A Quick Review for Netflix movie app
It’s possible to use VPNs and tunnel your way through to a stateside IP address, but this usually results in slow, low-bandwidth streams, and it also affects all your internet traffic.
UnoDNS is a clever paid service which uses DNS to spoof your location. But the clever part is that it only diverts the packets needed to make Netflix believe you’re a local customer.
All the heavy lifting – the actual movies streams and so on – come over your regular pipes. So if you have a fast 100MB fiber-to-the-bedroom connection like me, then you’re golden. Shiny, sparkly golden, to be precise.
So here's what you will need:
- A U.S iTunes store account (Free)
- A Netflix account ($8/month)
- A valid credit card
- An UnoDNS account (From $5/month).
DNS is the internet’s phone book. When you type www.redsn0w.us into your browser, a DNS server (usually at your ISP) will translate that URL into the actual hard numbers that point to our site. UnoDNS replaces your ISP’s server with its own, allowing it to redirect some packets. The key is that it only redirects the packets needed to get your Netflix (or another streaming service) and routes all the rest through Google’s DNS servers.To use the service, it’s best to follow the device-specific instructions on the site. There is an eight-day trial available so you can see if you like it, and you can combine this with a Netflix trial to test everything out.
UnoDNS needs some configuration to be done on setup (mostly telling the service what your home router’s IP address is), but after that you need to do just one thing: change the DNS server on your device. You can do this for individual devices, or for your whole home by changing the DNS server used by your router.

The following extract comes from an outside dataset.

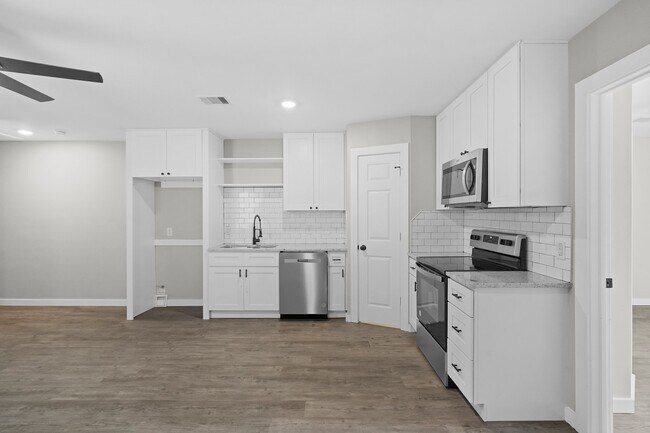 Foto del edificio - 6121 Ridgemont St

I have a TextExpander snippet containing the UnoDNS’ DNS server address, so I can quickly add it in whenever I need it. To swap back to my ISP’s server, I just delete the number and my ISP’s numbers are automatically repopulated.
Why? Security. I have no reason whatsoever to think that Uno is doing anything but provide a great service. But I’m paranoid. And I’m also speed-hungry – Uno’s nearest DNS server is in Italy, but my ISP’s nearest server is presumably in Barcelona (where I live) or at least in Spain. In the world of millisecond pings, that distance can make a difference. So I only use Uno’s DNS when I’m actually watching things. It takes just a second to switch over.